|AVS 55th International Symposium & Exhibition|
|Plasma Science and Technology||Thursday Sessions|
|Session:||Atmospheric Plasma Processing and Micro Plasmas|
|Presenter:||J. Xue, Tufts University|
|Authors:||J. Xue, Tufts University
J. Hopwood, Tufts University
|Correspondent:||Click to Email|
In the microwave band, higher excitation frequency is found to enhance microplasma generation. The microplasma is formed by a split-ring resonator (SRR) consisting of a half-wavelength microstrip transmission line formed into a ring with a micromachined discharge gap.1 The SRR plasma can be operated from 0.1 to 760 Torr with less than 0.5 W of power in He and Ar. Typically, microplasmas have been generated with DC, AC, RF, and microwave power. One unanswered fundamental question, however, concerns the effect of frequency on microplasma generation. The excitation frequency of capacitively coupled plasma has been discussed by Surendra and Graves.2 This early work suggests that plasma density scales as the square of the applied excitation frequency. That work focused on large-scale plasma at low pressure and the excitation frequency was limited to less than 120 MHz. This paper presents plasma impedance analysis of three microplasmas operating at excitation frequencies of 450 MHz, 900 MHz, and 1.8 GHz. The electron density and sheath capacitance of the microdischarges are extracted from the plasma impedance. Experimentally, these three SRR’s are fabricated on microwave laminate (Rogers, RT/Duroid 6010LM) with identical microstrip widths (1 mm) and discharge gaps (200 μm). The radii of the rings are scaled by 1/f and the smallest radius is 5mm at 1.8 GHz.
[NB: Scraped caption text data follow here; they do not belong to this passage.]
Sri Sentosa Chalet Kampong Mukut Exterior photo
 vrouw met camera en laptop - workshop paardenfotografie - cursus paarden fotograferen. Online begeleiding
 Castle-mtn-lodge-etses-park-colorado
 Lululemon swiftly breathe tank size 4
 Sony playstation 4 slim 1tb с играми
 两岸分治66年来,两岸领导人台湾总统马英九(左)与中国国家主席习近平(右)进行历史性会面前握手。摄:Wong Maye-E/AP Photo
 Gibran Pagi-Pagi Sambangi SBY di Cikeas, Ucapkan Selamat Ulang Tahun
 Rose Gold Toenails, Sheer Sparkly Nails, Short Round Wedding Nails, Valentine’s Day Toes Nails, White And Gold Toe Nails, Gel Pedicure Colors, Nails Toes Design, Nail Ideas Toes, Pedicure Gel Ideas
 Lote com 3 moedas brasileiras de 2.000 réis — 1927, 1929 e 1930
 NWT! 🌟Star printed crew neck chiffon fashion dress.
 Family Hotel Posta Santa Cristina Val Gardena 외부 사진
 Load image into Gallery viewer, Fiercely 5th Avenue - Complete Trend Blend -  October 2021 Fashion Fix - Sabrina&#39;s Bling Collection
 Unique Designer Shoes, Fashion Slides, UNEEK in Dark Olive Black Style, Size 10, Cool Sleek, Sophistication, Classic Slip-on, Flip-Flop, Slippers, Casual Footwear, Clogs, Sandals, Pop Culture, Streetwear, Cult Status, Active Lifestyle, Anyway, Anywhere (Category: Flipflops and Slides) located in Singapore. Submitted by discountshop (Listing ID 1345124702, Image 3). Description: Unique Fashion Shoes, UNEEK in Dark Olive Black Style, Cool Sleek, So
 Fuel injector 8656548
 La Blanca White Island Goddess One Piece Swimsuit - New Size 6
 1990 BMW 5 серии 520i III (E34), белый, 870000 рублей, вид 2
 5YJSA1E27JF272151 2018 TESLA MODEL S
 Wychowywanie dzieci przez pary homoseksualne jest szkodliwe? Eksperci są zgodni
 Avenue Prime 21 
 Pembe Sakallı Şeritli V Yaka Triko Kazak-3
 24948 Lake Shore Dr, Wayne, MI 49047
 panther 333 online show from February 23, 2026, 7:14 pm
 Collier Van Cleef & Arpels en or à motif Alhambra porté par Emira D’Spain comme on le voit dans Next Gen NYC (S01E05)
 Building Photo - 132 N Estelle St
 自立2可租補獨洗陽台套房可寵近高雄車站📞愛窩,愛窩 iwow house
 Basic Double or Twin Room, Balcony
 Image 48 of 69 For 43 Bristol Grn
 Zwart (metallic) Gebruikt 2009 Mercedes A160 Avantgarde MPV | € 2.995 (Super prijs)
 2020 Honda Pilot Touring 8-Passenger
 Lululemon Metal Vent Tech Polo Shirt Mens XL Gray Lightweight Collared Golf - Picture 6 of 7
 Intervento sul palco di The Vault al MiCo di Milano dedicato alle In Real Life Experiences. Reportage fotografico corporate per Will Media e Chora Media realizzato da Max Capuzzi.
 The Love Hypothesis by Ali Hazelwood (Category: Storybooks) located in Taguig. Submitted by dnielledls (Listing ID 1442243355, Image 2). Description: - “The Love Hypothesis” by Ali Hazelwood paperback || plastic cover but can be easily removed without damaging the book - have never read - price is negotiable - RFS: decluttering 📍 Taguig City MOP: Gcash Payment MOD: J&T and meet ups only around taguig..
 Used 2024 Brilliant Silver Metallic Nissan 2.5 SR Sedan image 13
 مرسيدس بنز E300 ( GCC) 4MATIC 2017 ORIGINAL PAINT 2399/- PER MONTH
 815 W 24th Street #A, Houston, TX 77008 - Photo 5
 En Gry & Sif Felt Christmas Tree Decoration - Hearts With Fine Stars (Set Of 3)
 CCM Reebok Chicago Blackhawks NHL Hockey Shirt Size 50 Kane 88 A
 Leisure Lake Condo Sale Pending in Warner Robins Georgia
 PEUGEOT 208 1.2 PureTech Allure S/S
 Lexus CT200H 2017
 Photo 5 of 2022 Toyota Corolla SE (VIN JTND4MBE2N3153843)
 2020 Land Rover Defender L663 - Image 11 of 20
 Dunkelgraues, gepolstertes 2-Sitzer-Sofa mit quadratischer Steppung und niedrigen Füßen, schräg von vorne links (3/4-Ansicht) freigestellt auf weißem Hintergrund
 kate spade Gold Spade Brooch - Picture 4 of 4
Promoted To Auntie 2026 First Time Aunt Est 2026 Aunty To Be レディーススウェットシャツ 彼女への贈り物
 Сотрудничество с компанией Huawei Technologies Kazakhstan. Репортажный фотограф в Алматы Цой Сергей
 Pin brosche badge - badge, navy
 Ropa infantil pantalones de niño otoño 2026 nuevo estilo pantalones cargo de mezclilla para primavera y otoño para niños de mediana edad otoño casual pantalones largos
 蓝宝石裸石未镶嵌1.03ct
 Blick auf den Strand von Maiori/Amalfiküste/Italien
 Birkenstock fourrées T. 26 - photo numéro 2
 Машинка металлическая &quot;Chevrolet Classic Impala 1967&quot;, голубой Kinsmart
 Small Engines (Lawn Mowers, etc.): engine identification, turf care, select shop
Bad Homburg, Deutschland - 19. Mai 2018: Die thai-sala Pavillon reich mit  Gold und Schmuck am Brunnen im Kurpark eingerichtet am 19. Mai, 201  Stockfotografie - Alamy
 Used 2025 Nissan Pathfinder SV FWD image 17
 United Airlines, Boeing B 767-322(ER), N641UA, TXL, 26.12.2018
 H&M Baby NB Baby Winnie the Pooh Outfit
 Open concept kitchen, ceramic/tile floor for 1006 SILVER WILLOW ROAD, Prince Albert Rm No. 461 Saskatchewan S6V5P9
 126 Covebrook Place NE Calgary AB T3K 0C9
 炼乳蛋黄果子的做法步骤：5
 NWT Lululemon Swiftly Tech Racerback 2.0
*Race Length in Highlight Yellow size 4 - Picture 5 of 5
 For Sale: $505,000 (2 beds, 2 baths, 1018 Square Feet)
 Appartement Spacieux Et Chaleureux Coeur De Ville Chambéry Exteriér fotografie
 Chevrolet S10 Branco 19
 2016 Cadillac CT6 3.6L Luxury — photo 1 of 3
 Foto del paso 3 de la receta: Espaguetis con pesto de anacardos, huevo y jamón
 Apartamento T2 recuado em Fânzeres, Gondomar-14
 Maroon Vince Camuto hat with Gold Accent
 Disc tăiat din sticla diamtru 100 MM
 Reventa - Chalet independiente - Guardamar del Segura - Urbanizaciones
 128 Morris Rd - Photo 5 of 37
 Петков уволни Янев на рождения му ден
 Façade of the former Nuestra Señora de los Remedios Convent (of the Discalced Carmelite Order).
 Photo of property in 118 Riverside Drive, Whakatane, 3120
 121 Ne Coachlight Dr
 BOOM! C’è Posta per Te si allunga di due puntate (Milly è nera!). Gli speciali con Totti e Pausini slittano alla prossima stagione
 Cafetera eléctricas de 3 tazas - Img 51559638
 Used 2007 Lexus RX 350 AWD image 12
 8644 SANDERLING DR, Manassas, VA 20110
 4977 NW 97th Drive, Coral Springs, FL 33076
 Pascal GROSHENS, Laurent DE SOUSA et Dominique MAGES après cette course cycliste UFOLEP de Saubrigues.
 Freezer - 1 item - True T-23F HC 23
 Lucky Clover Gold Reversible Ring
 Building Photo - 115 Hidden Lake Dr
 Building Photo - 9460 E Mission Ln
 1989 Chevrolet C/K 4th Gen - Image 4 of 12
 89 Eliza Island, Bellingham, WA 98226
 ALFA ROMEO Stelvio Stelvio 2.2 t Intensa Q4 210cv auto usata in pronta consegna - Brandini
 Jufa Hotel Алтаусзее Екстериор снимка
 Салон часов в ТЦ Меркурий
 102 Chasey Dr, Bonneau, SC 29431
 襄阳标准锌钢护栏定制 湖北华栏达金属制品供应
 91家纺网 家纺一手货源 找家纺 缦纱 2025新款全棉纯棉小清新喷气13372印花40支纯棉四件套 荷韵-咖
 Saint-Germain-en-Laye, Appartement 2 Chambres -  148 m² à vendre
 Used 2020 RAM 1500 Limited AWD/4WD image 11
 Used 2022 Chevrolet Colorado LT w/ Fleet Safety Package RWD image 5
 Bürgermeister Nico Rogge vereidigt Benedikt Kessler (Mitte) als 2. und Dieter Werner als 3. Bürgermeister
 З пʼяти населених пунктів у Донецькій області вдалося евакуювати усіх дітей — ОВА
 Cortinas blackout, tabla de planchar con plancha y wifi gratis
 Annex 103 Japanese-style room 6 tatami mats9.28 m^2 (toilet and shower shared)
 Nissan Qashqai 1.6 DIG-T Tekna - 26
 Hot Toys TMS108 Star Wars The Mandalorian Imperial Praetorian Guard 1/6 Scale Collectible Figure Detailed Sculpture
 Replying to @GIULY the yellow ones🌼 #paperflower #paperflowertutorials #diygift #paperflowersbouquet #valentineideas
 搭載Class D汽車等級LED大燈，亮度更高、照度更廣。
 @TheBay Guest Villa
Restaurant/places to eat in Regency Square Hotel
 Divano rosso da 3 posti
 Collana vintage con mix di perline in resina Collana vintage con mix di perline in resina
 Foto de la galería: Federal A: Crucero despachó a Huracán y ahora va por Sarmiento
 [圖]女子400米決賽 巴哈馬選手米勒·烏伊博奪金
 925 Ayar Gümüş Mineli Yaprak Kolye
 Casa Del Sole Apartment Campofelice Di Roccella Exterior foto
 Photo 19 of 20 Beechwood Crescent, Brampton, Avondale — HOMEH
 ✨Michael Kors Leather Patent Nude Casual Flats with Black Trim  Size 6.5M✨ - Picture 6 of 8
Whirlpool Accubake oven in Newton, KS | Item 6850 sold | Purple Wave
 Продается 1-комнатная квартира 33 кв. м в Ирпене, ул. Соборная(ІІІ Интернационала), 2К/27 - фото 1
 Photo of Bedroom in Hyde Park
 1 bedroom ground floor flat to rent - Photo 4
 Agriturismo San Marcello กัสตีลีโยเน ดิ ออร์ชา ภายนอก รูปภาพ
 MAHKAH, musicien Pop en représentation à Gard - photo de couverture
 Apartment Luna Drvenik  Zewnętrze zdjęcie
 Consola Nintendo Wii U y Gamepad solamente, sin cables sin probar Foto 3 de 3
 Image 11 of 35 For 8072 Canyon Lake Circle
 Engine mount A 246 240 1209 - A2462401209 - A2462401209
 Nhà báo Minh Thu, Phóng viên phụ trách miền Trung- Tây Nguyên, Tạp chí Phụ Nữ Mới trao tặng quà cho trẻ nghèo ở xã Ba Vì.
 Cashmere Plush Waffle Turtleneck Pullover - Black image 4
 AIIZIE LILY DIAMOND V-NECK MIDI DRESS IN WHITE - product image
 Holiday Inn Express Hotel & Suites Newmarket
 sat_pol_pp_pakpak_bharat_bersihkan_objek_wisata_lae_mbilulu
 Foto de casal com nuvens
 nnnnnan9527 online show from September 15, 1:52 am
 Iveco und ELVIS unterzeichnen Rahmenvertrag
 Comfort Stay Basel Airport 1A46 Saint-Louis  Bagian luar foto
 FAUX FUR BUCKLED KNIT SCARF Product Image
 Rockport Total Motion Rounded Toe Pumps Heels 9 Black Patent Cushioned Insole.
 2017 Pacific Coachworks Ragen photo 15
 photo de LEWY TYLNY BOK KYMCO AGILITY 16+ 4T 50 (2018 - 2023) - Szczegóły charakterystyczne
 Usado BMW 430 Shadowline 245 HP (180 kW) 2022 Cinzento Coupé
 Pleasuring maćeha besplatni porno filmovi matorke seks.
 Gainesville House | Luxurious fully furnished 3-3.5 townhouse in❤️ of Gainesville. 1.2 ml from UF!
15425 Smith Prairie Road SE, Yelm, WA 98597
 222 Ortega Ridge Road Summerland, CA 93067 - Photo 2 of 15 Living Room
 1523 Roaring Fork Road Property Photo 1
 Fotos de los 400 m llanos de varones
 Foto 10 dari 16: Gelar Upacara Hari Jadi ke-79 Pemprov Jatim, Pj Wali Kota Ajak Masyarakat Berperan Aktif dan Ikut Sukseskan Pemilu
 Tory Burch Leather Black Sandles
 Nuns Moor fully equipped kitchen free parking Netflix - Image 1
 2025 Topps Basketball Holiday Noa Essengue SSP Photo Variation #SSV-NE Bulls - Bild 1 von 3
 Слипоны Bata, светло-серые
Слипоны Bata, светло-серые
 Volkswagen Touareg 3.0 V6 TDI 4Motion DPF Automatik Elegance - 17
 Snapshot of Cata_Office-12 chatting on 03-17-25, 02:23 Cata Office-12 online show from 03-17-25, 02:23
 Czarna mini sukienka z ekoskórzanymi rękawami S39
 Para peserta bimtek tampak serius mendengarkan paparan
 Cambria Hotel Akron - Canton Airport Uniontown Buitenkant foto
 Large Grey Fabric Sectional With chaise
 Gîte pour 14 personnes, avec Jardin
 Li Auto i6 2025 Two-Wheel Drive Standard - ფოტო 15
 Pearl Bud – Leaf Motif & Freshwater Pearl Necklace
To determine the plasma impedance, the microwave reflection coefficient is measured as a function of frequency while maintaining a constant microwave power absorbed by the plasma. Using the method in Ref. 1, the microplasma impedance is found by fitting the theoretical microwave reflection coefficient to the measured reflection coefficient. The results show that microplasmas generated by higher frequency resonators have a lower plasma resistance. The extracted electron densities in argon microplasma at 760 Torr are estimated as 2.4, 6.0, and 8x1013 cm-3 for the 450 MHz, 900 MHz, and 1.8 GHz SRR, respectively. The imaginary part of the plasma impedance provides a model of the plasma sheath capacitance. This data shows a diminishing sheath impedance at high frequency which is responsible for improved electron density.
1 F. Iza and J. Hopwood, Plasma Sources Sci. Technol. 14, 397 (2005).
2 M. Surendra and D. B. Graves, Appl. Phys. Lett. 59, 2091 (1991).